Но Елизавета Сергеевна была непреклонна. Она поверила в то, что Фанни, происходившая из купеческой семьи, должна была хорошо знать жизнь уже не существовавшего на тот момент в России сословия изнутри и потому прожить ее (роль) на сцене в образе Вассы убедительно.
Телешева не ошиблась.
О Раневской-Железновой в Москве заговорили.
Однако этому успеху, зная перфекционизм актрисы, предшествовала долгая и кропотливая работа над ролью.
«Вспоминая сейчас отдельные этапы работы, я вижу, что много занималась вульгарной социологией и недостаточно проникла в самую пьесу, где, как во всяком высоком произведении искусства, глубоко скрытая тенденция», – говорила впоследствии Раневская. Недоумевала, конечно, что давно прошедшая и забытая жизнь в Таганроге, о которой и вспоминать-то не особо хотелось, вдруг вернулась и предстала перед мысленным взором ярко и выпукло, словно было это все вчера.
Актриса представляла себе отца, вечно погруженного в свои дела, сосредоточенного и строгого.
Видела мать, посвятившую себя семье и детям, восторженную и нервную.
Наконец, задумывалась о девочке Фаине Фельдман, что унаследовала от своих родителей непреклонность и трепетность одновременно, отцовскую страсть и материнскую издерганность.
Роль Вассы Борисовны Железновой стала для Раневской своего рода погружением в мир шекспировских страстей и античной трагедии. Все, происходившее на сцене, совершалось на пределе эмоционального напряжения, на грани истерики, было объективным безумием, которое переживает русский человек в начале наступившего ХХ столетия.
Особенно сцена, а которой Васса предлагает своему мужу Сергею Петровичу покончить с собой, потрясала не только зрителей, но и всех, занятых в этом спектакле.
Особенно проникновенно и многозначно звучали эти слова горьковских героев в то время, когда медленно, но верно страна «победившего пролетариата» сползала в сумрак тотальных репрессий и лагерного социализма.

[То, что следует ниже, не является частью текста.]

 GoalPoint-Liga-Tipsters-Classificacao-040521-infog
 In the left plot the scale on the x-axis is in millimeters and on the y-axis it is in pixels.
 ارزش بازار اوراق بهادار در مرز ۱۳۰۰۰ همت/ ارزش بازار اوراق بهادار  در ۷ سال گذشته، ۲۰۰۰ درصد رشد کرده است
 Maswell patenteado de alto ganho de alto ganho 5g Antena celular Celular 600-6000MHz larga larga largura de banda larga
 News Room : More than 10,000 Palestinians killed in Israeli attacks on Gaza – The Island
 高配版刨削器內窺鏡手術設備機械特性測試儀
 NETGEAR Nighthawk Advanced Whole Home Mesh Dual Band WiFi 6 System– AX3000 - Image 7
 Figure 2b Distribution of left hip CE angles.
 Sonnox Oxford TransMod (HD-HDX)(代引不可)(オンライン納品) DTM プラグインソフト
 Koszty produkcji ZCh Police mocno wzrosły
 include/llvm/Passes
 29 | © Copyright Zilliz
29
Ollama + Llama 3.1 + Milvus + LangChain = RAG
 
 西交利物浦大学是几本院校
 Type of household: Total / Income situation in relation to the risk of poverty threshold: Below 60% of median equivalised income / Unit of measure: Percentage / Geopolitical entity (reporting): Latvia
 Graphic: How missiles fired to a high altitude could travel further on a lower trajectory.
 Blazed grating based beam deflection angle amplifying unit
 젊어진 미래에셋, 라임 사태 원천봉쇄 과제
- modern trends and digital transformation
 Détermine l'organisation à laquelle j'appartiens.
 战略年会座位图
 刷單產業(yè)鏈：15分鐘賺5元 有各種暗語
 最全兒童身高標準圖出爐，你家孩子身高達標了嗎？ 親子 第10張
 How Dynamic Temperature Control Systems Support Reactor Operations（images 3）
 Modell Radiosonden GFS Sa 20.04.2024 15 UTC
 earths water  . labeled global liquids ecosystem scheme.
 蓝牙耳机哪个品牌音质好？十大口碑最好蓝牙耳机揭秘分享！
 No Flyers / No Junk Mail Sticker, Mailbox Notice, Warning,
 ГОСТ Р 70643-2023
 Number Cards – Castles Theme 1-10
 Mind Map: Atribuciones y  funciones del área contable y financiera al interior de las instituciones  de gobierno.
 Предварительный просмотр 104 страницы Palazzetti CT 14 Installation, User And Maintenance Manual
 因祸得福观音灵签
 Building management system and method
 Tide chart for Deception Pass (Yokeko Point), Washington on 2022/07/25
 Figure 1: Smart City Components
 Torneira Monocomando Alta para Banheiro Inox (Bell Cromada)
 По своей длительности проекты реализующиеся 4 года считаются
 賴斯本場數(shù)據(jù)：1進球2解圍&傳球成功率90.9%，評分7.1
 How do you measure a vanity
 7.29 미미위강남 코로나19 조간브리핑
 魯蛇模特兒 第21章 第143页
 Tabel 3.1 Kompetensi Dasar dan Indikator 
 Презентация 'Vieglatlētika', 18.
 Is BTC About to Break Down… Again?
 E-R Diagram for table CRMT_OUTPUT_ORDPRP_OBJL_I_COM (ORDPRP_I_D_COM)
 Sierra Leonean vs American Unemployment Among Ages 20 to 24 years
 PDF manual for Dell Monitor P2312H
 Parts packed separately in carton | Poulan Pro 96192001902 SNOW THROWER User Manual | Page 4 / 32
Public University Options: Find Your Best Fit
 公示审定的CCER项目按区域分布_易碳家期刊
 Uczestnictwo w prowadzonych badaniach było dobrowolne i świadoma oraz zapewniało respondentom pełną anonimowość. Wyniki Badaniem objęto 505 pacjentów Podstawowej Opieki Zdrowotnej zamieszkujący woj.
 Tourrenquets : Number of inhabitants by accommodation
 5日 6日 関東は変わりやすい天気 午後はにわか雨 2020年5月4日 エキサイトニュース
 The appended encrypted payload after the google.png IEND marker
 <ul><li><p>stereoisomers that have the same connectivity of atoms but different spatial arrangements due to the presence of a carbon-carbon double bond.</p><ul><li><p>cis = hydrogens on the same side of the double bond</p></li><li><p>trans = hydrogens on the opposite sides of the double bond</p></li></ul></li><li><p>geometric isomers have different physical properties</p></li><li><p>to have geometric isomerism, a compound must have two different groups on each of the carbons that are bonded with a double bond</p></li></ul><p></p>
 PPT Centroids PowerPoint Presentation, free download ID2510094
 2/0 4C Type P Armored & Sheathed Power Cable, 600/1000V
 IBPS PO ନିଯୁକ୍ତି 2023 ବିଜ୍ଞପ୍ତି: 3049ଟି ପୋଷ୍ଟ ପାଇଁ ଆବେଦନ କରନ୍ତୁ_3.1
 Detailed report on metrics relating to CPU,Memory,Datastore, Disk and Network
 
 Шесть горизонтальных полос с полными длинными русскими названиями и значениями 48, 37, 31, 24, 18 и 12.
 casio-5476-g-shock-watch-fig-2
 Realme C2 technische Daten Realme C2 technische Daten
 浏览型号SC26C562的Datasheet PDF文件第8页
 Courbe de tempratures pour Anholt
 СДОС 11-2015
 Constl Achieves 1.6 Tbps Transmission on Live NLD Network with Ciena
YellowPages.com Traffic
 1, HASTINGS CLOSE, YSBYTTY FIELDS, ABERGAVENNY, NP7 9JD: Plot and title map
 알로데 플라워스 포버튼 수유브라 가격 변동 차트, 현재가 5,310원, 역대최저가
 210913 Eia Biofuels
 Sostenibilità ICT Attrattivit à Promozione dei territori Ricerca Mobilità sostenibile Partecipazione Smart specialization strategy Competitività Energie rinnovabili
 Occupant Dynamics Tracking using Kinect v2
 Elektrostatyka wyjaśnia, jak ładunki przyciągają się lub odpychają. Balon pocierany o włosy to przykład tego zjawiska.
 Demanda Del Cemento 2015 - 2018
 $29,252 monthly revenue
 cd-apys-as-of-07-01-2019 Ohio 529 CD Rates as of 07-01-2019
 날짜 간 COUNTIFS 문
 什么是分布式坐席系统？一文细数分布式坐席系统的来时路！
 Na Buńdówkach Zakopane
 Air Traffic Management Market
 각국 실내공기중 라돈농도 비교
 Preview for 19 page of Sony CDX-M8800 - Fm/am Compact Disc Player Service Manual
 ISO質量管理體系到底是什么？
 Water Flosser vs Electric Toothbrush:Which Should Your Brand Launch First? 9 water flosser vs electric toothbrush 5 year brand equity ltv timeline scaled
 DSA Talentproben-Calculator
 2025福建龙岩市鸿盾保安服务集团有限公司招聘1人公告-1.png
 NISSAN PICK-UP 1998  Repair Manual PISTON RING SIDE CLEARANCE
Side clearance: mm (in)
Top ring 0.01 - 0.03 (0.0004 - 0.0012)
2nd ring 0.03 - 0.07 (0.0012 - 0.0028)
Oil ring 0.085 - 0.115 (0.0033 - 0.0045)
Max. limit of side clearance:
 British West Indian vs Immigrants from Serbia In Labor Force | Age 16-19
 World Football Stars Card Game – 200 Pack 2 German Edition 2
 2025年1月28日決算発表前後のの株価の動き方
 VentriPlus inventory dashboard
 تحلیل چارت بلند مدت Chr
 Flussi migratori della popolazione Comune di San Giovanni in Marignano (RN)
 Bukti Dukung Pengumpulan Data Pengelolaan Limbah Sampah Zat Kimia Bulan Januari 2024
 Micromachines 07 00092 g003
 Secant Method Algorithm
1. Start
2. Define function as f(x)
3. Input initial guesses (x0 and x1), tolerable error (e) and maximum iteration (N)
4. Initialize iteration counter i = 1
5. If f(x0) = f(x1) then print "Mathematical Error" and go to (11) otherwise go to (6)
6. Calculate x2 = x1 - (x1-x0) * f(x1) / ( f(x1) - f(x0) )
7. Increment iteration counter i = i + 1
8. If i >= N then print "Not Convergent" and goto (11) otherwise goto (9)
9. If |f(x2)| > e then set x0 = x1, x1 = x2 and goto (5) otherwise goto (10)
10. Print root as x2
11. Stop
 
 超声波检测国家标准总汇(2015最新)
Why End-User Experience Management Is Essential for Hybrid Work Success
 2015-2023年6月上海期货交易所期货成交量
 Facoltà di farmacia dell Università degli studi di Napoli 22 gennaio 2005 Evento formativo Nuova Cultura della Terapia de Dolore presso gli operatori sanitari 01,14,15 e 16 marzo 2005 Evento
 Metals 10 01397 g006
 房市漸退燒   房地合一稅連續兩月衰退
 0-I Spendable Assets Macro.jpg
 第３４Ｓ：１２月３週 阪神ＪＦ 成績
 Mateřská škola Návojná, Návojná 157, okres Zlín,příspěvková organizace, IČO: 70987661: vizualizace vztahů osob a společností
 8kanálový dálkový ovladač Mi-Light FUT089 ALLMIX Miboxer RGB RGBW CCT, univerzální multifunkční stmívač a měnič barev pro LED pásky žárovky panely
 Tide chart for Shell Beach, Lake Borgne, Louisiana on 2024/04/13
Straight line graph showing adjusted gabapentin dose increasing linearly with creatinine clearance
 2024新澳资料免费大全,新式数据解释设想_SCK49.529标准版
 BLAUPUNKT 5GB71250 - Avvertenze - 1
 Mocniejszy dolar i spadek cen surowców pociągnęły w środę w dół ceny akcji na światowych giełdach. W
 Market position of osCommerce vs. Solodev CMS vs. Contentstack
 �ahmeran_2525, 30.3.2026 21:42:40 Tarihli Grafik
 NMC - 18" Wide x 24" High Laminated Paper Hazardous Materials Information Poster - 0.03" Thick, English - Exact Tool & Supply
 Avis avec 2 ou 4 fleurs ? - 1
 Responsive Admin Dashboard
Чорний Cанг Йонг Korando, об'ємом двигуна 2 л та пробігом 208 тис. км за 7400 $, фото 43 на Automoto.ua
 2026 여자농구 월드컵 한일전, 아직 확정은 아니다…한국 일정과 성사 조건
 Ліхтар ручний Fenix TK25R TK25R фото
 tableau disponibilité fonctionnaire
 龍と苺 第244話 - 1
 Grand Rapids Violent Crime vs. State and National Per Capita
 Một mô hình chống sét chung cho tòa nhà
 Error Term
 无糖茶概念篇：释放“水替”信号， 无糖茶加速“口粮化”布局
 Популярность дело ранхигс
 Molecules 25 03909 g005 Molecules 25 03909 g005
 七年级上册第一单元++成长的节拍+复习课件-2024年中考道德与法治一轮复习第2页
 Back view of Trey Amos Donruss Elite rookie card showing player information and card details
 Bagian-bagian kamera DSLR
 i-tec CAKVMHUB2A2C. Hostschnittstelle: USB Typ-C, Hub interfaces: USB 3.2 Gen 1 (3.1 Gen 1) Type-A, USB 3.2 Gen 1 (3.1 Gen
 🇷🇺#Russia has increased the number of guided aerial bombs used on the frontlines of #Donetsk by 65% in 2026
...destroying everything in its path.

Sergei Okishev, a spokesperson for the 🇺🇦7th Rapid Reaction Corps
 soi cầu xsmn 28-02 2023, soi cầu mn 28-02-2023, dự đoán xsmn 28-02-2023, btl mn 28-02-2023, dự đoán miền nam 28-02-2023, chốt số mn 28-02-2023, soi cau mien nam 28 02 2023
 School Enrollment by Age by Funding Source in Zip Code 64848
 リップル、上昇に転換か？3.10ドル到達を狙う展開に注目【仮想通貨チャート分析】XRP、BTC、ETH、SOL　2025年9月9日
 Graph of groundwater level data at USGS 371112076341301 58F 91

По делам, расследуемым ОГПУ-НКВД, на рубеже 1933–1934 годов в СССР было осуждено более полутора миллиона человек (НКВД в то время возглавлял Генрих Григорьевич Ягода), а убийство в декабре 1934 года Сергея Мироновича Кирова повлекло за собой массовые аресты и крайнее ужесточение режима.
Интересно, что нигде в своих воспоминаниях Фаина Раневская не упоминает о той гнетущей обстановке, в которой оказались ее соотечественники и она сама. Она словно бы жила в каком-то другом измерении, и никакие превратности социалистического быта (советского нуара) не касались ее. Что это было? Нарочитое нежелание видеть реальность (способность ее видеть могла иметь самые трагические последствия)? Искренняя уверенность в том, что партия большевиков, следуя Ленинским заветам, все делает правильно? Или, наконец, бесконечная сосредоточенность на работе, когда на досужие разговоры и размышления просто не оставалось времени?
Ответов на эти вопросы у нас нет…
А Васса Борисовна Железнова меж тем снова и снова умирала в конце Горьковской трагедии, что становилось закономерным итогом краха ее семьи.
И Раневская умирала вместе с ней, так и растратив попусту свою кипучую энергию, так и не найдя применения своим азарту и проницательности, став жертвой собственной жестокости и прямолинейности.
Как уже было замечено выше, о Раневской-Железновой заговорили в театральной Москве. Критики и коллеги по цеху высоко оценили работу актрисы, и как следствие – последовало приглашение перейти в Малый театр, где Раневской предложили сразу несколько заглавных ролей.